Men marched asleep. Many had lost their boots
But limped on, blood-shod. All went lame; all blind;
Drunk with fatigue; deaf even to the hoots
Of tired, outstripped Five-Nines that dropped behind.
GAS! Gas! Quick, boys! An ecstasy of fumbling,
Fitting the clumsy helmets just in time;
But someone still was yelling out and stumbling,
And flound’ring like a man in fire or lime . . .
Dim, through the misty panes and thick green light,
As under a green sea, I saw him drowning.
In all my dreams, before my helpless sight,
He plunges at me, guttering, choking, drowning.
If in some smothering dreams you too could pace
Behind the wagon that we flung him in,
And watch the white eyes writhing in his face,
His hanging face, like a devil’s sick of sin;
If you could hear, at every jolt, the blood
Come gargling from the froth-corrupted lungs,
Obscene as cancer, bitter as the cud
Of vile, incurable sores on innocent tongues,
My friend, you would not tell with such high zest
To children ardent for some desperate glory,
The old Lie; Dulce et Decorum est
pro patria mori.
-Wilfred Owen, 1893-1918
The mountains are still there, and the valley. Clouds still gather around the peaks, loose snow and rain onto the high polished granite. Spring still comes to melt the ice, to send it trickling down the near-vertical creeks that drain into the Owens River. Sky pilot and tamarack still push out new leaves cell by tiny cell.
Dust still swirls around the floor of the old lake. Winds still raise devils to waltz across the river’s saline sump.
The rocks are still where Kuichiro Nishi placed them. They may have shifted an inch to the left, tilted five degrees to the east. It doesn’t matter. It was planned for.
There is a phrase in Japanese — “wabi-sabi” — that resists translation into English. Wabi, roughly, means the kind of beauty conveyed by imperfections. Sabi means the kind of beauty conferred by age. Together, they stand for an aesthetic prizing a natural geometry, rough edges and apparent random simplicity. Never mind that Nishi spent months planning the rocks’ placement, all of them carted from the nearby mountains. Their edges, their faces look as if a blade of mother rock has just barely pierced the desert soil, there to crumble.
All things are impermanent.
All things are imperfect.
All things are incomplete.
This is the essence of wabi-sabi.
One hundred and seventeen thousand people were removed from their homes, shipped like cargo to the camps. The litany of place names is a geography of heartbreak: Tule Lake, Topaz, Heart Mountain.
All they had worked for was stripped away, sold to neighbors for pennies on the dollar. Some held out hope that should this trouble ever end, their white friends would return the property they’d been lent. That day was far off.
They built furniture from scrap pallets, planted vegetables in the firebreaks. Kuichiro Nishi planted roses, dug a dry streambed, arranged stones around it. Young people posed for wedding photos.

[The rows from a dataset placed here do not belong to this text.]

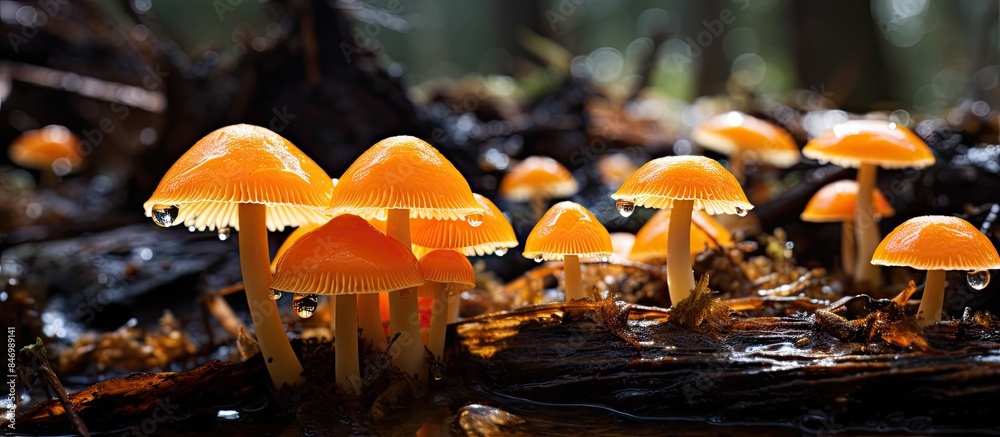 Fototapete cluster of fungi flourishing on a fallen log in the woodland environment. with copy space image. pla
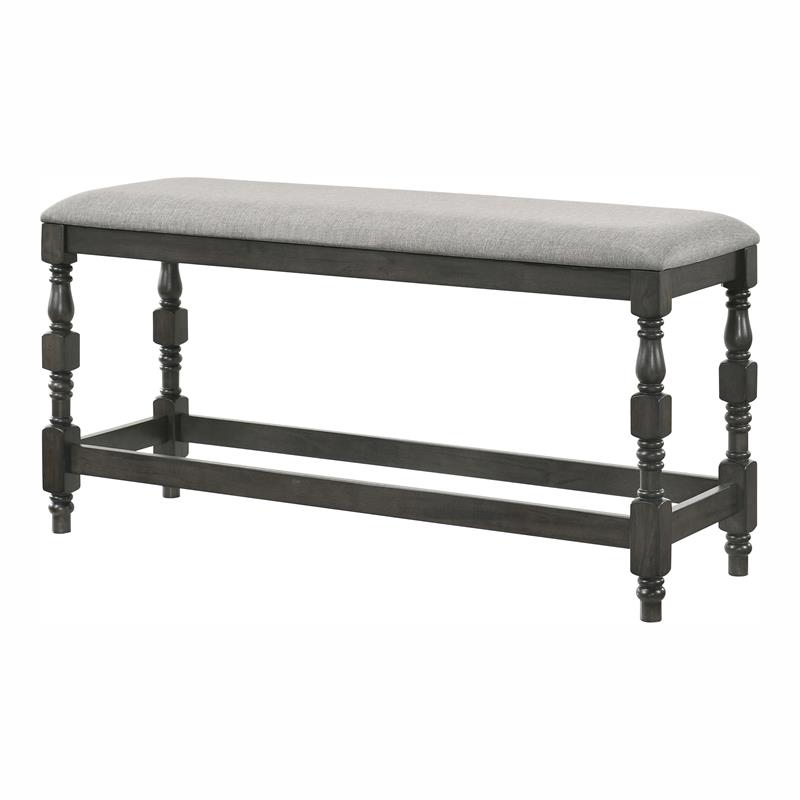 Furniture of America Weighton Wood Counter Height Dining Bench in Dark Gray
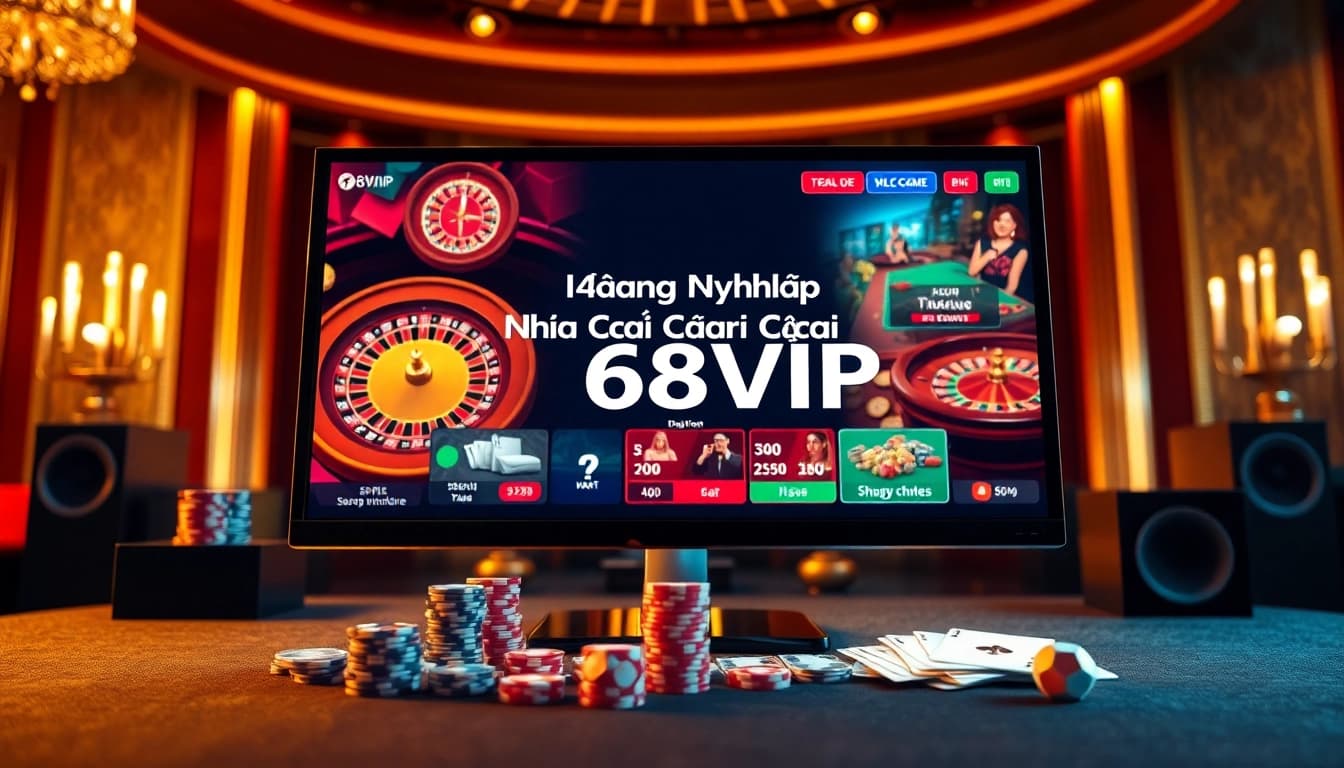 Engage in thrilling online gaming with Đăng Nhập Nhà Cái 68VIP showcasing vibrant casino elements.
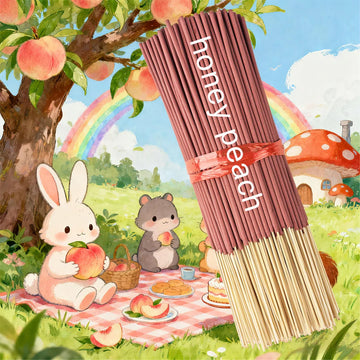 Love-Inspired Peach Scented Stick - Premium Bamboo Natural Wood and Recycled Bamboo, Yoga, Meditation, Home Office Air Purification, Relaxation, Eliminates Negative Energy - Ideal for June Festival, Eid Al-Fitr, Valentine's D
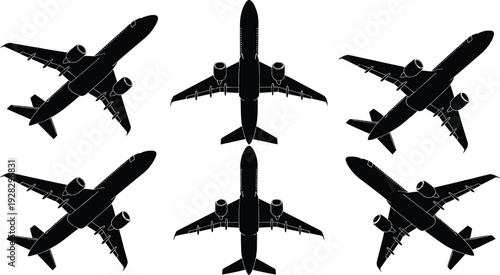 Black airplanes in different angles on white background aircraft silhouette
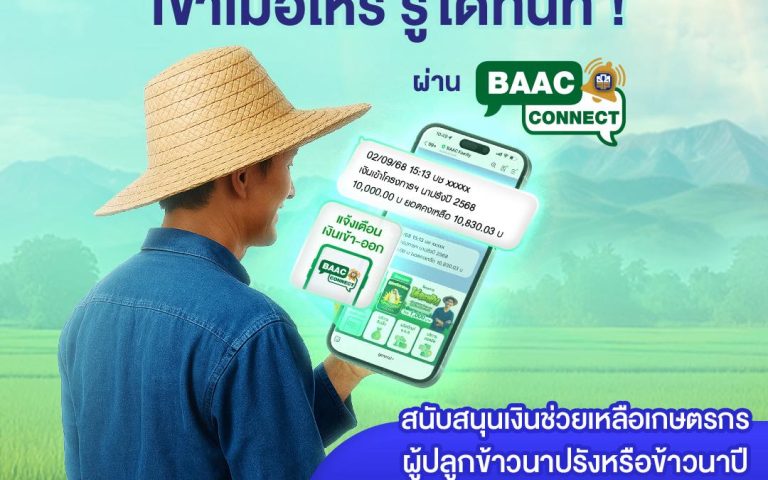 โครงการไร่ละพัน” เริ่มโอนเงินแล้ว !รอรับแจ้งเตือนได้ง่าย ๆ เพียงสมัคร BAAC Connec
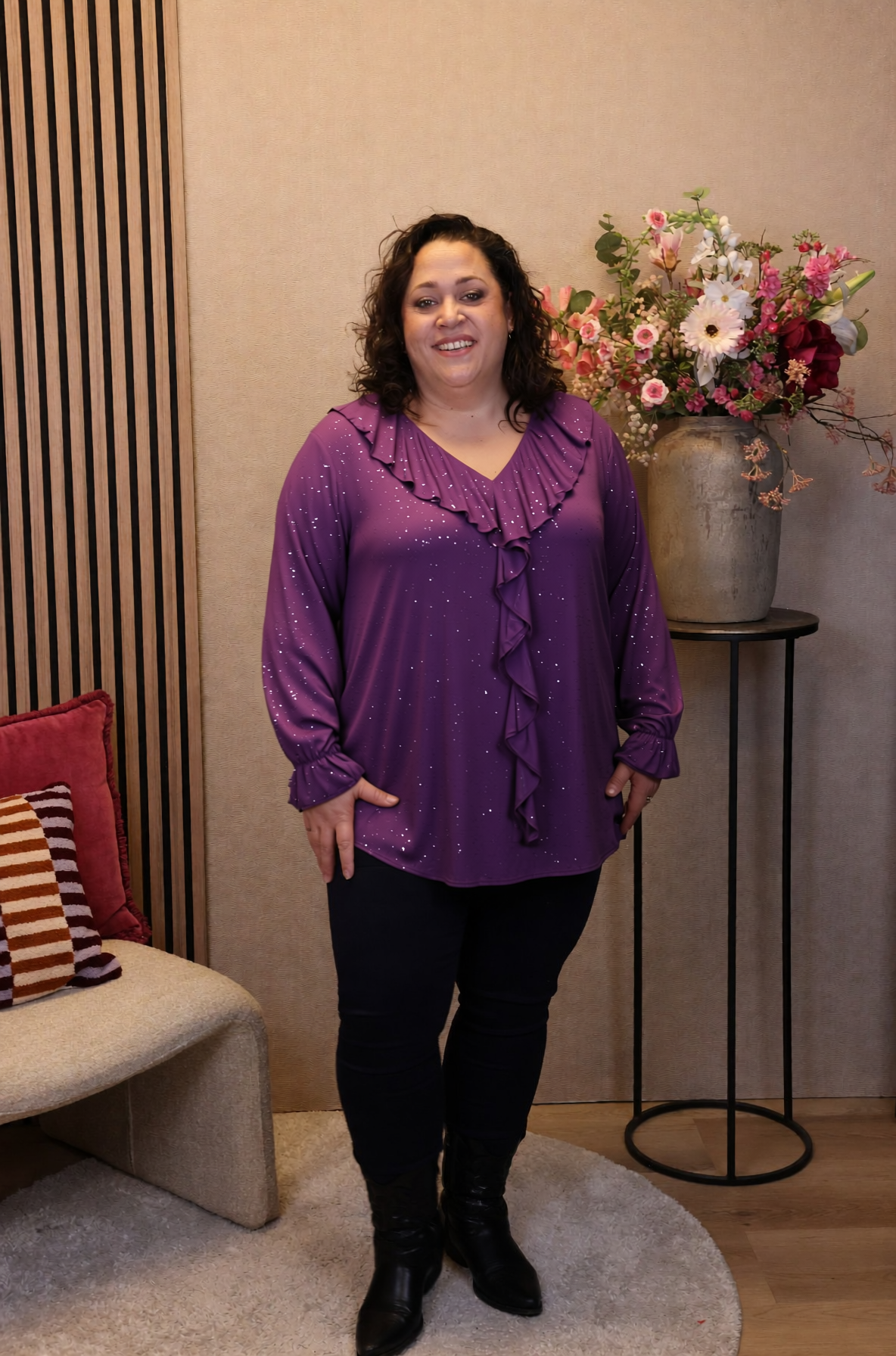 Sabine | Glitter blouse paars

The barracks, the hospital and canteen were torn down a half century ago, their weathered timbers salvaged for barns. A new building holds historical displays, a searing and thorough apology made architecture. It sits on the land, but recognizably does not belong to it. Tourists read the essays, watch the newsreels. Some weep. Others scowl. Back into the tour bus and on to Death Valley they go.
Nishi’s roses are long dead. All things are impermanent. The stones grow a crop of rabbitbrush and aster now. All things are imperfect. Red brome grass fills the streambed. All things are incomplete. This is a most beautiful place. I cannot bear to walk among these stones.